The answer must be the lines from the one that holds "Westmoreland White Milk" through the final line of the data, copied exactly, with no pictures.

Brief descriptive captions
________________

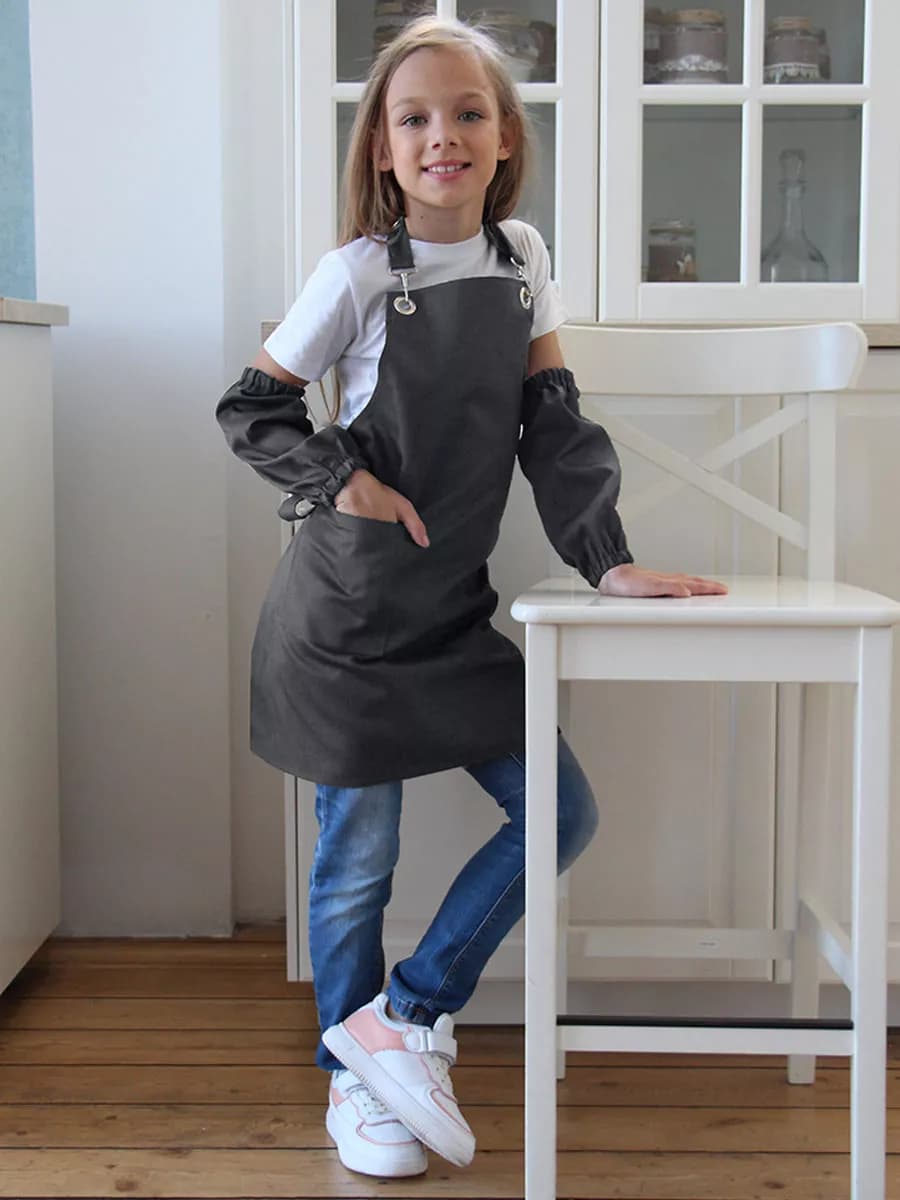 Фартук детский для трудов школьный - фото 1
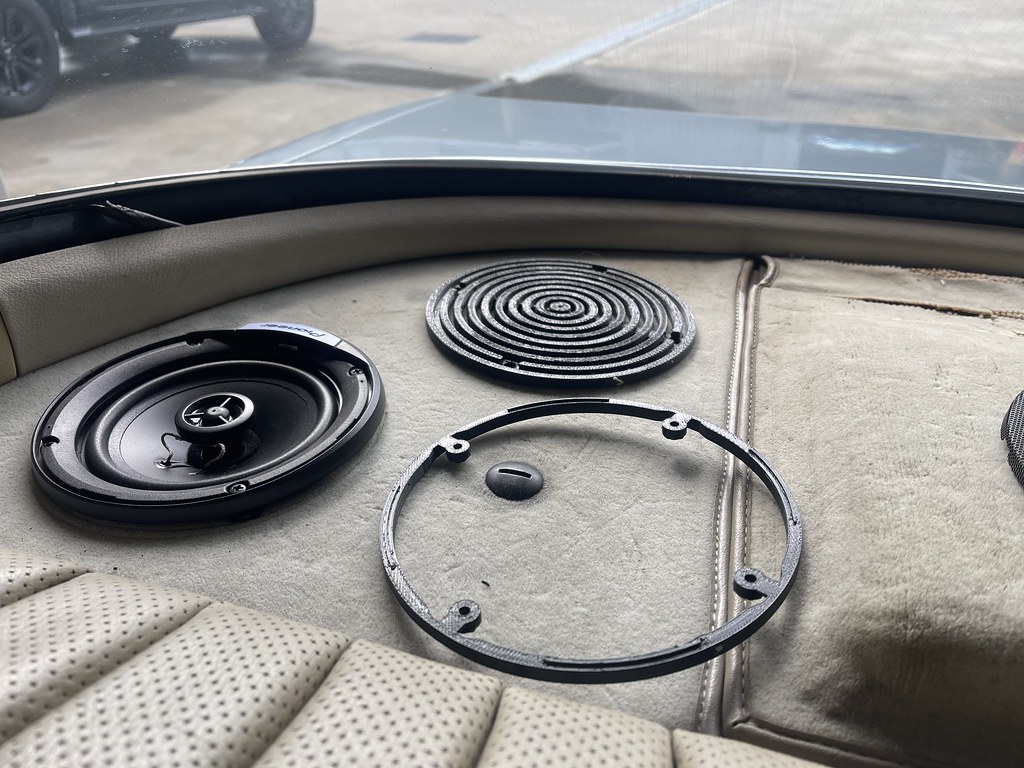 450SLC 3D printed rear speaker trims
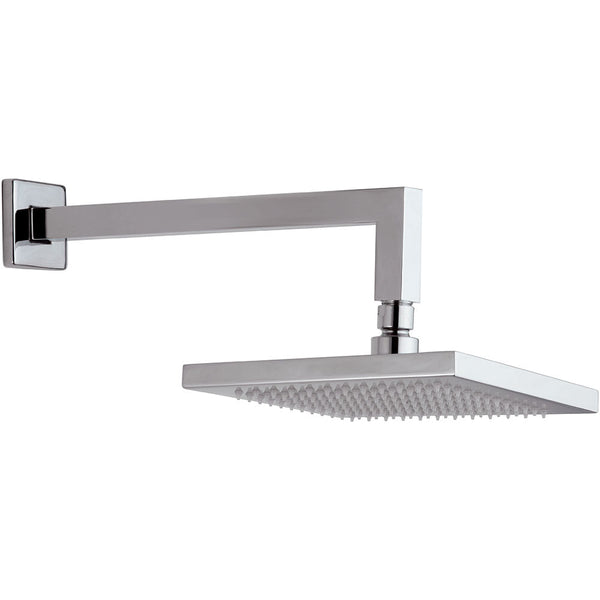 online Quadratischer Messing-Duschkopf 20 x 20 cm mit Mariani-Chrom-Wandarm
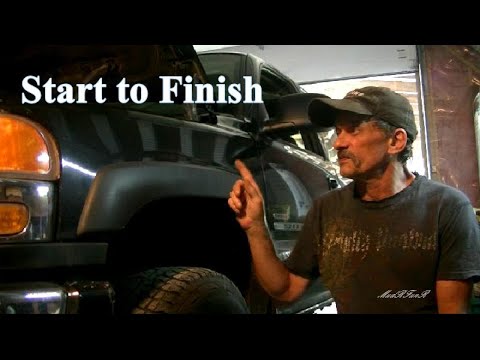 Front Driver Fender Replacement - Includes Fuse Box Removal - 1999 - 2007 GMC Sierra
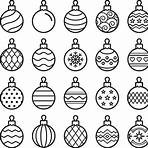 black and white christmas clipart vector2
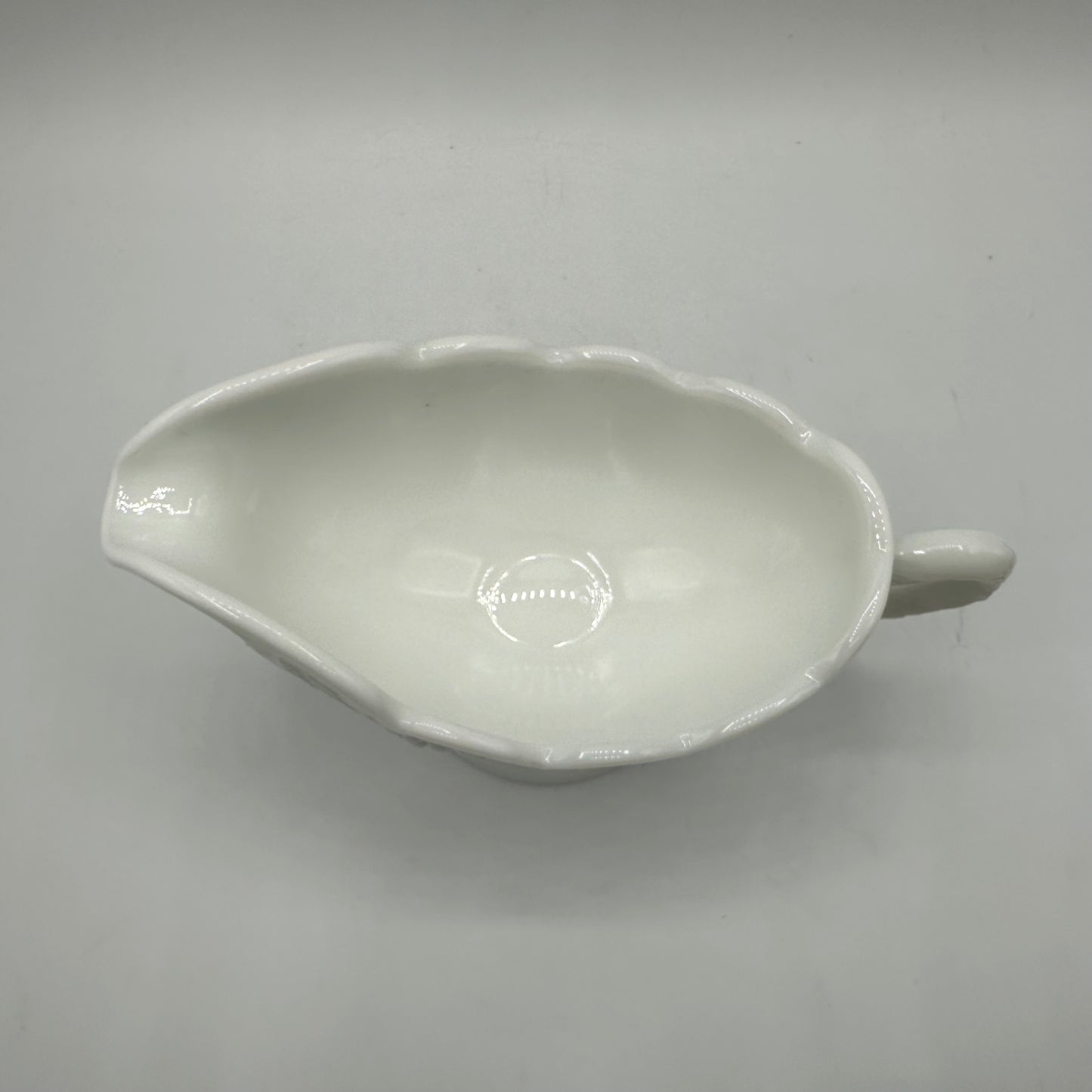 Westmoreland White Milk Panel Grape Gravy Boat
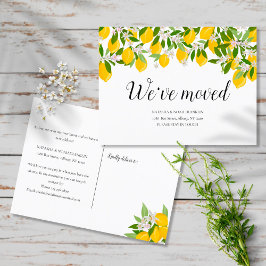 Cartão Postal De Anúncio Os limões florescem Mudamos para uma nova casa Nov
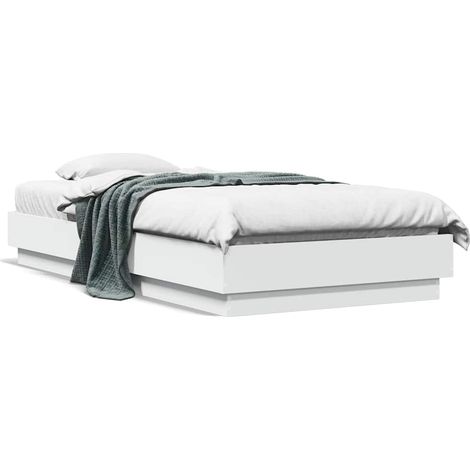 Maison Exclusive - Estructura de cama madera de ingeniería blanca (1/5)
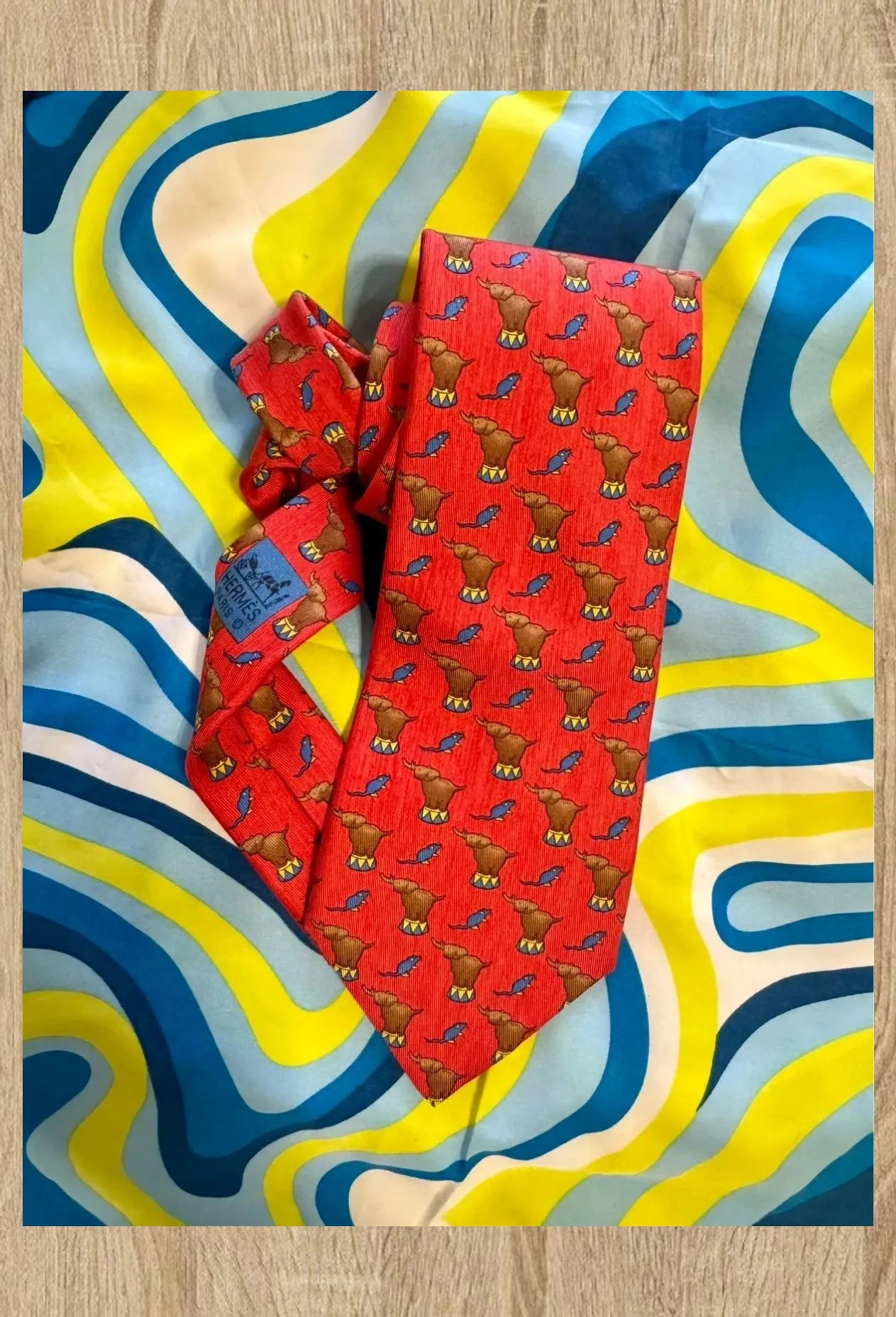 Espectacular corbata de coleccionista marca Hermes 😍 – Hermès 3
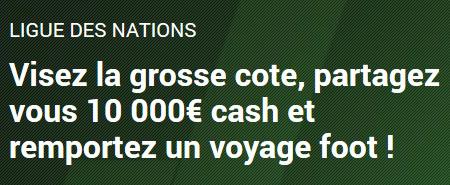 Pari sur la Ligue des Nations : Assistez au match de vos rêves grâce à Unibet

________________

## Your response
 Westmoreland White Milk Panel Grape Gravy Boat
 Cartão Postal De Anúncio Os limões florescem Mudamos para uma nova casa Nov
 Maison Exclusive - Estructura de cama madera de ingeniería blanca (1/5)
 Espectacular corbata de coleccionista marca Hermes 😍 – Hermès 3
 Pari sur la Ligue des Nations : Assistez au match de vos rêves grâce à Unibet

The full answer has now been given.